Hon Hai has raised its workers wages in a bid to stop them from committing suicide.
The troubled firm – plagued by suicides at the Foxconn Shenzhen plant – released a statement yesterday claiming that the “wage increase has been instituted to safeguard the dignity of workers, accelerate economic transformation, support Foxconn’s long-term objective of continued evolution from a manufacturing leader to a technology leader and to rally the best of our workforce.”
“We recognise our responsibility as a global leader in electronics manufacturing, and take this responsibility very seriously.”
It said wages for production line employees at the firm’s Shenzhen plant would rise from 1,200 yuan ($176, £122) to 2,000 yuan (or £202).
However, to be eligible for the pay rise, workers first have to pass a performance test lasting three months.

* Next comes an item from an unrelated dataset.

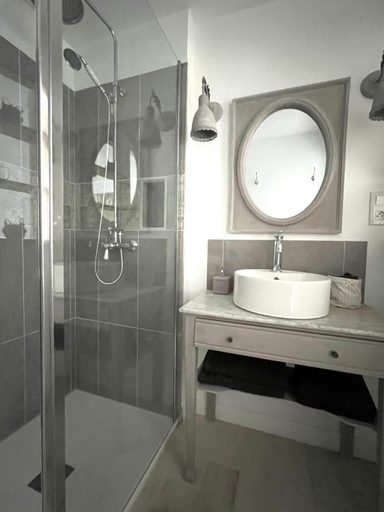 Bathroom 3, La Maison de Manou, Eure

New employees will be put on probation for the same amount of time before getting the increase.
The announcement follows Apple’s move last week to begin an independent investigation into the Shenzhen plant, as well as offering a 20 percent pay rise to all workers.
However, as Professor Xiaowei Zang, head of Chinese Studies at Sheffield University, told us last week money cannot solve the problem unless there is research to support that is the problem.
He said if proper investigation hadn’t occurred then money could not solve the problem.
“There can be many possible reasons why these workers ended their lives, for example, high living costs, long working hours, working environment, job insecurity, work pressure,” he said.
“It is likely that these workers committed suicide because of the combination of all these or many of these factors. Hence, it is the totality of a sweatshop factory that is responsible for the tragedies.”
Steve Jobs went public this past weekend telling the world that Foxconn does not run a sweatshop.